At the age of 5, I didn’t look up at my friend’s birthday party. I didn’t have fun, I didn’t go hyper on sweets and crisps, I didn’t dance and scream. I stayed quiet and alone, unable to show my real personality.

At the age of 8, I didn’t look up at the school disco. I didn’t play the games at the front, I didn’t join in the conga, I didn’t smile. I hid at the back, shielding my private feelings with an invisible force field.

At the age of 11, I didn’t look up when I moved schools. I didn’t raise my hand in class, I didn’t converse with the other students, I didn’t have any eye contact. I blended in becoming unseen to prying teachers and aggressive kids. Homework was always in on time, classwork to a satisfactory standard, but never exceptional.

At the age of 15, I didn’t look up when I had my major exams. I didn’t revise too much, I didn’t leave home unless necessary, I didn’t become stressed with work. I let no-one in, even when I needed or friend or when I cried myself to sleep.

At the age of 18, I didn’t look up when I finished school. I didn’t go out partying, I didn’t get drunk, I didn’t travel. I took a quiet admin job, enough to pay for rent and food.
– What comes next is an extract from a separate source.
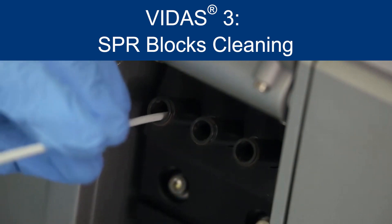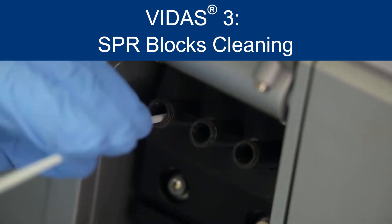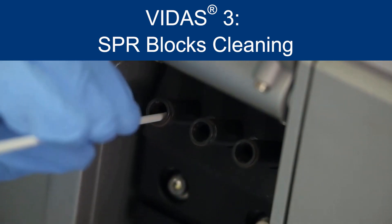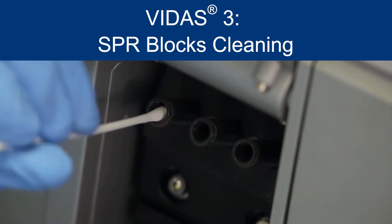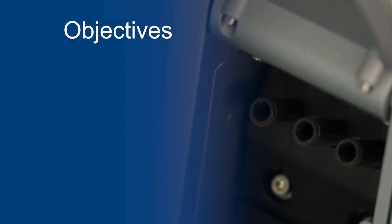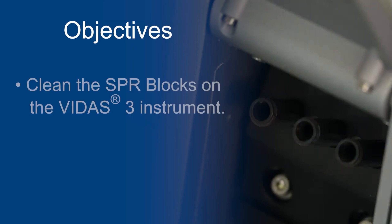The purpose of this video is to demonstrate how to clean the spur blocks during monthly maintenance. At the end of this video, you will be able to clean the spur blocks on the Vitus III instrument.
At the age of 20, my life began. The most insignificant moment changed everything. I was walking down a busy New York street travelled through every day, head kept down low, avoiding any rowdy gangs of newspaper sellers. I studied the grey, concrete slabs that were indented and scratched over the years, feet moving at a rhythmic pace. There was suddenly a vulgar, irregular sound of someone progressing towards me quickly; instinctively I flinched. Someone bumped into me – SMACK! – without apologising for the damage. Rubbing my shoulder, which would undoubtedly have a purple bruise in a few hours, I was in shock. The lights around me seemed brighter, more alive. Thousands of people rushing around me, each with their own lives to lead; they all seemed to be buzzing. I realised that no matter how much I hid, how much I blended in with the rest of the world, how much I convinced myself I was insignificant, I would always come to harm, whether it was physically, mentally or emotionally. Nothing could stop that.
So I did the clever thing. I looked up.